Free explicit pornography online is illegal
LINX Public Affairs (via) has been looking at the answer Home Office Minister Vernon Coaker gave to Parliament last week when asked about the legal consequences of the judgment in the Court of Appeal in R v Perrin [2002].
The Minister declared that all R18 type material - that is, clear images of real sex between consenting adults - would be illegal to publish on the Internet unless “behind a suitable payment barrier or other accepted means of age verification”. This includes both commercial pornography and “non-commercial, user-generated material”.
In other words, free explicit pornography online is illegal.
Commercial sites aren’t much better off, either. Those that provide any sort of free tour - which is pretty much all of them - will now be considered to be breaking British law if they are deemed to operate within the UK jurisdiction. As for jurisdiction, Perrin was a UK resident but published his website using an American server.
In Perrin, the defendant faced two separate charges of publishing obscenity contrary to the Obscene Publications Act 1959; one charge related to material he was selling access to through his web site, the other related to material on his web site that was available before/without having paid.

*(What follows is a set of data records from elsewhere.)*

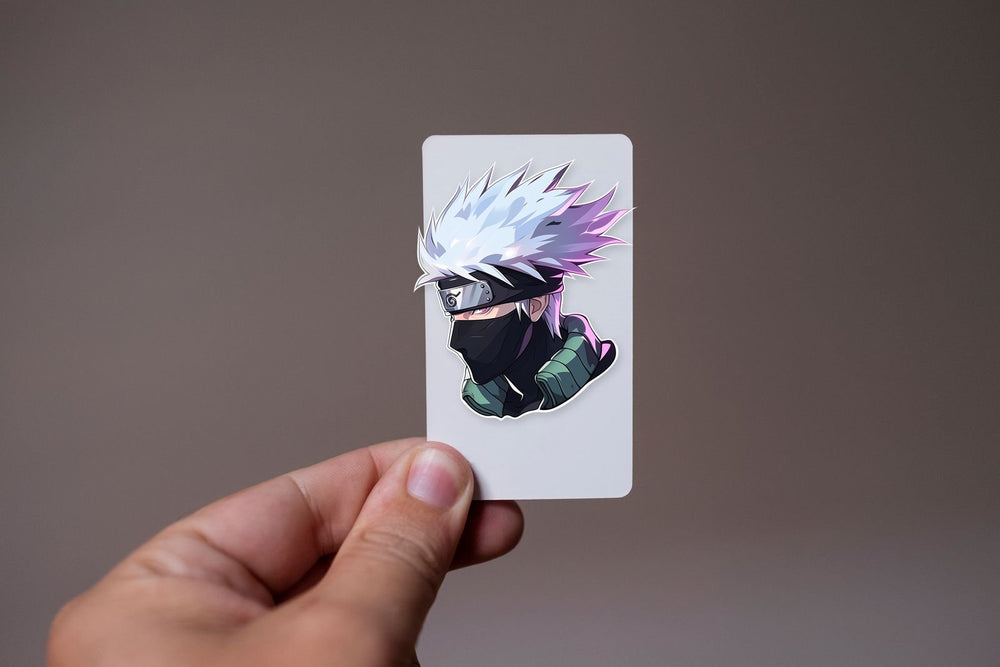 Kakashi Hatake Aesthetic Sticker
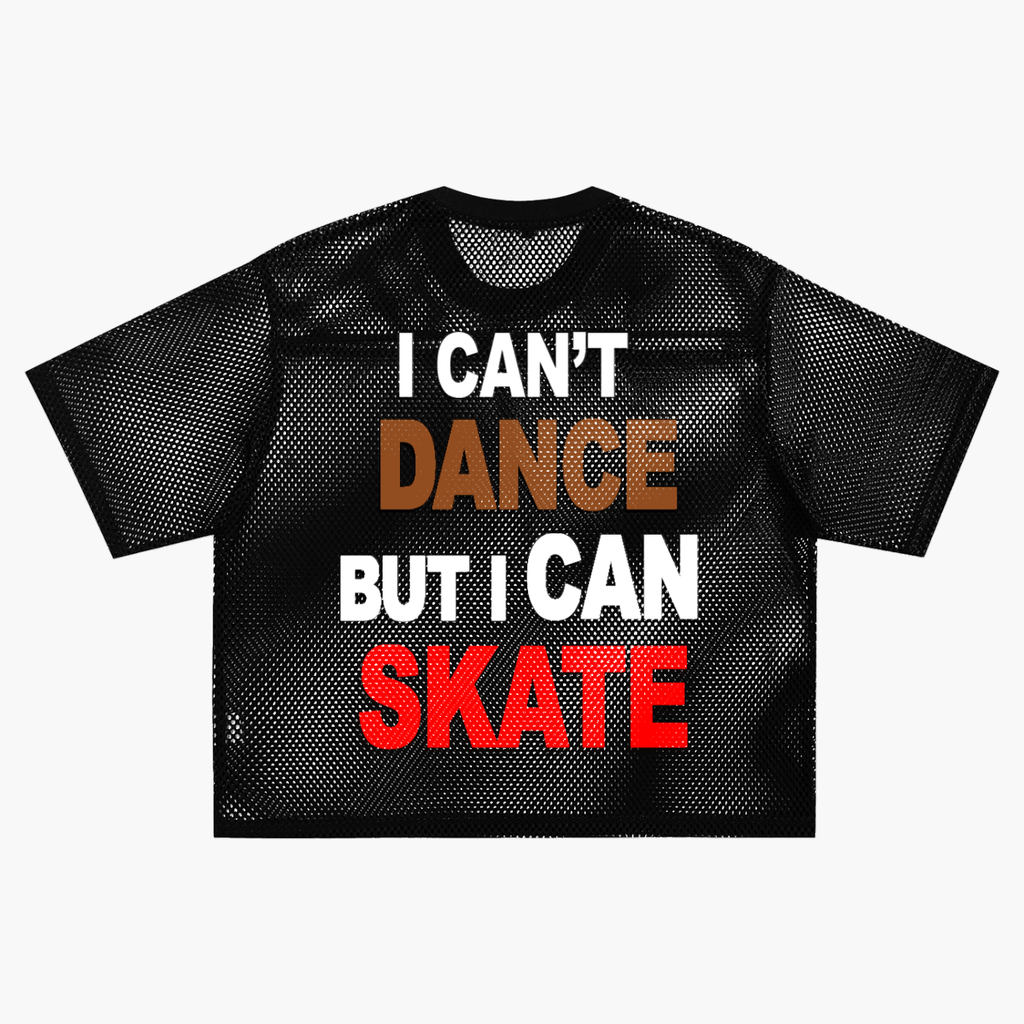 Cant Dance But Can Skate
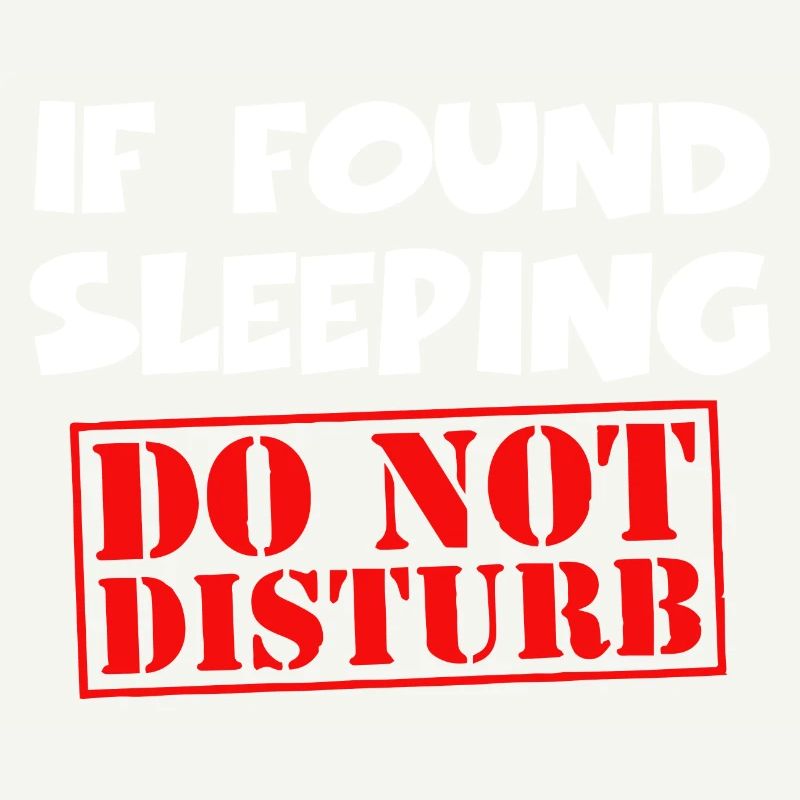 sommeil amusant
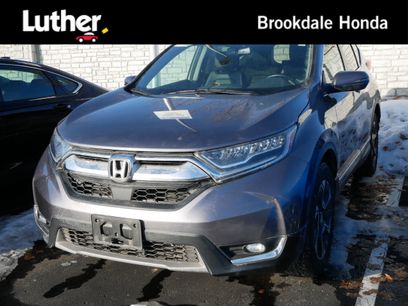 Used 2018 Honda CR-V Touring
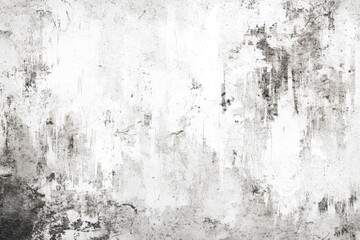 Weathered, textured, light gray wall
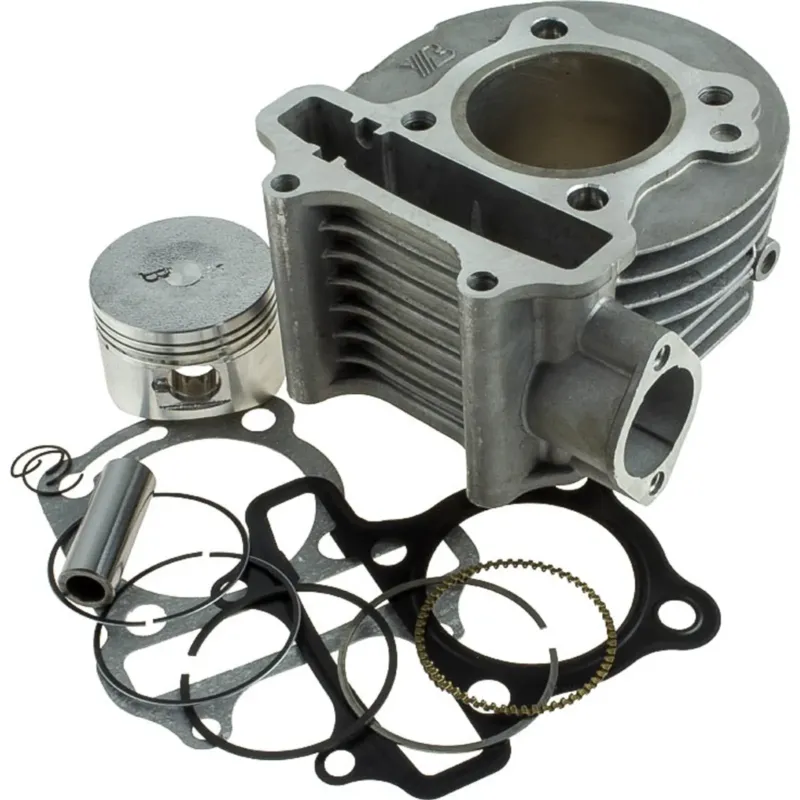 Kompletní válec 52,40 mm 125 ccm litina čep 15 mm 152QMI/157QMJ (GY6 125-150) 4T Přímo Od Výrobce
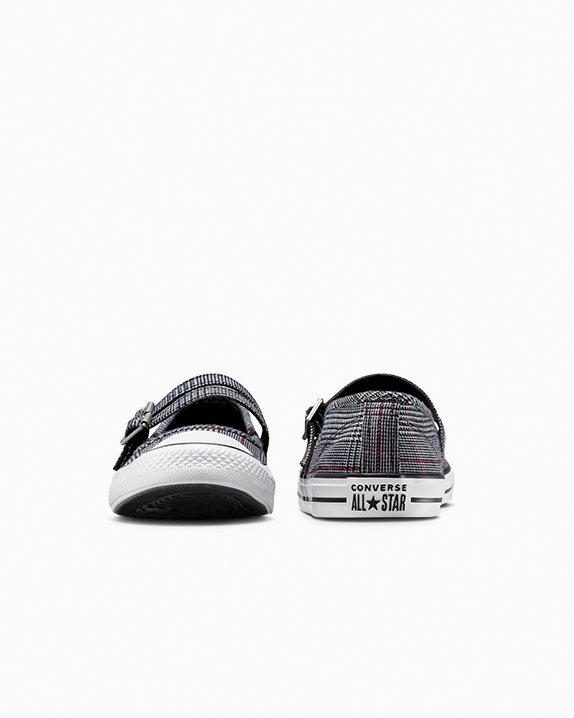 Chuck Taylor All Star Dainty Mary Jane Plaid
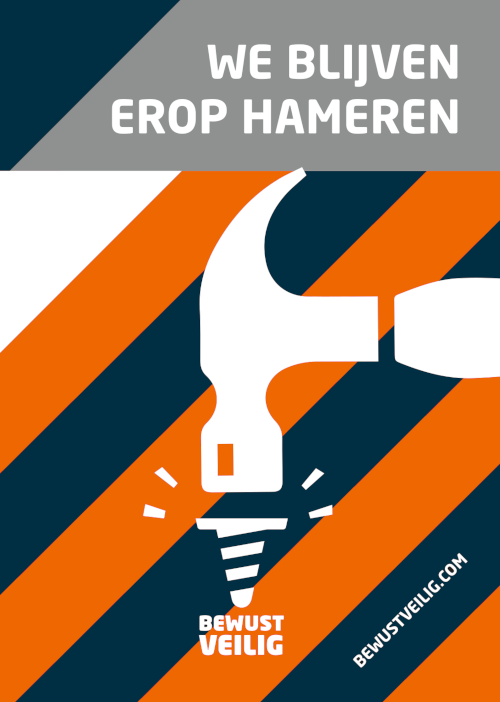 Afbeelding Bewust veilig dag - 30 maart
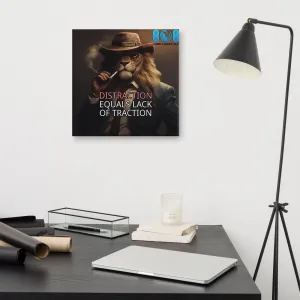 What Is Distraction Canvas
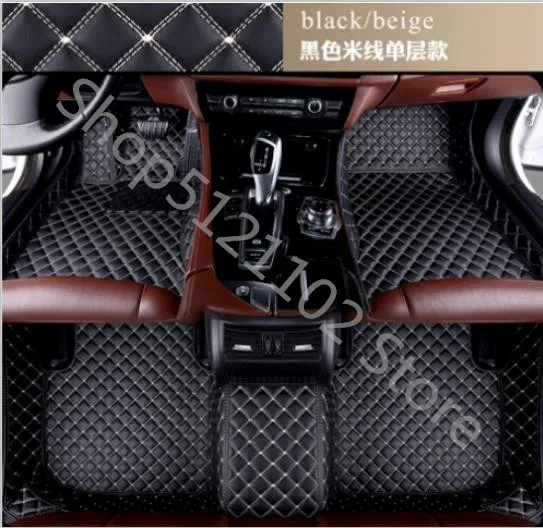 Applicable to Mercedes-Benz S series S350 S400 S450 S500 S550 S600 S63AMG W140 W220 W221 W222 Luxury custom car mat 10 colors | Автомобили
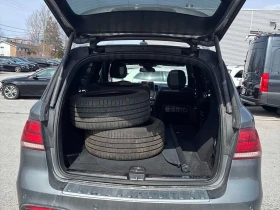 Mercedes-Benz GLE 400 /ПАНОРАМА/ПОДГРЕВИ/360 КАМЕРИ/ВТОРИ ГУМИ, снимка 14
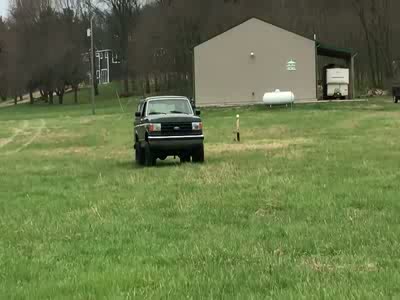 1987 Ford Bronco
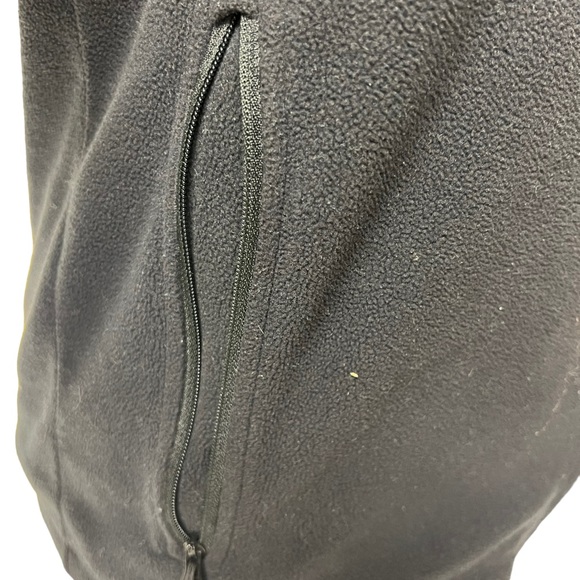 Kuhl women’s size large half zip oatmeal color layer fleece excellent cond - Picture 6 of 10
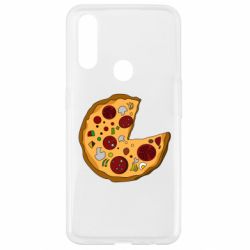 Чехол для iPhone X/Xs Love Pizza - PrintSalon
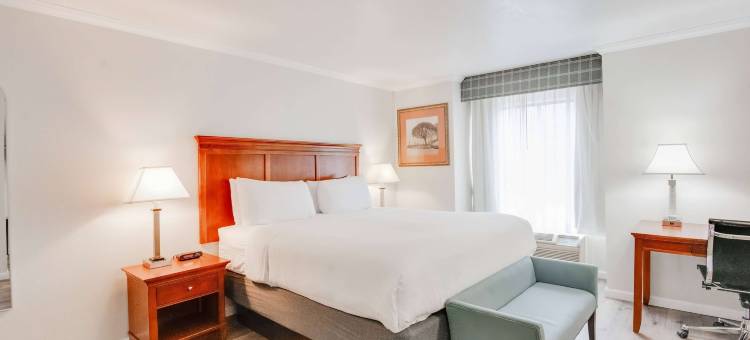 芒特维尤华美达酒店(Ramada by Wyndham Mountain View)图片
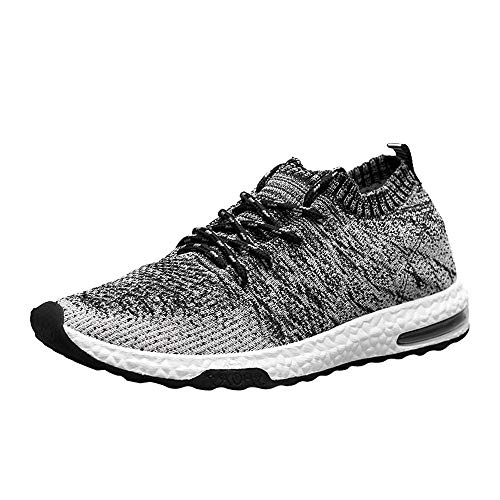 Fannyfuny_Zapatos para Hombre Zapatillas Hombres Deportivas Zapatos de Vestir Casuales Zapatillas Hombre Running Zapatillas Casual Zapatos de Seguridad Hombres Zapatillas de Trabajo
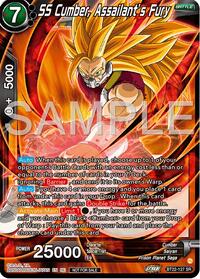 SS Cumber, Assailant's Fury (Deluxe Pack 2024 Vol.2)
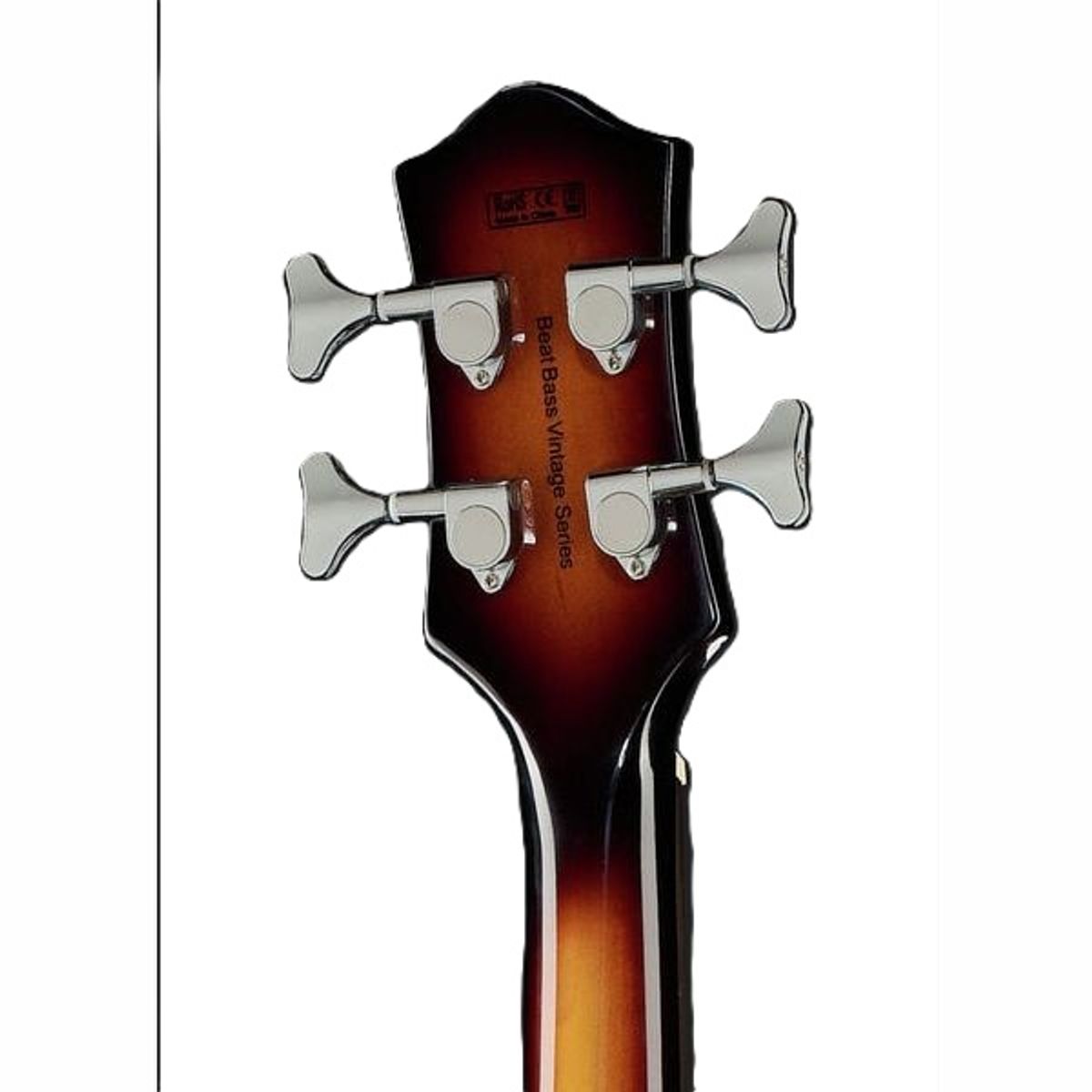 GENERICO - Harley Benton Bajo Beatbass FL VS Vintage Series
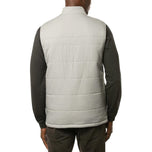 Travis Mathew Dash Golf Vest - Heather Sleet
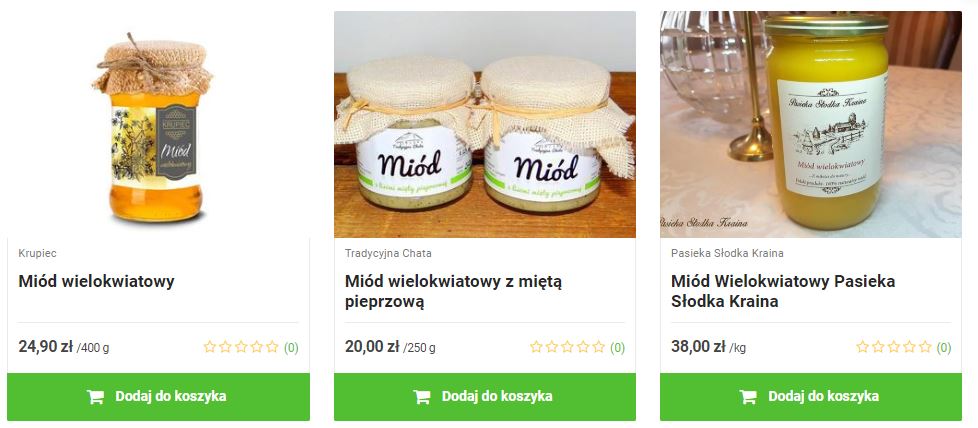 który miód najlepszy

The judge instructed the jury that that in respect of material paid for by credit card the legal standard is whether the material would “tend to deprave and corrupt” an adult, but in respect of freely available material the question is whether it would “tend to deprave and corrupt” a child, a direction approved by the Court of Appeal (albeit not without criticising the judge’s lack of clarity). The jury then convicted Perrin for the free pornography, but acquitted him for that which was sold.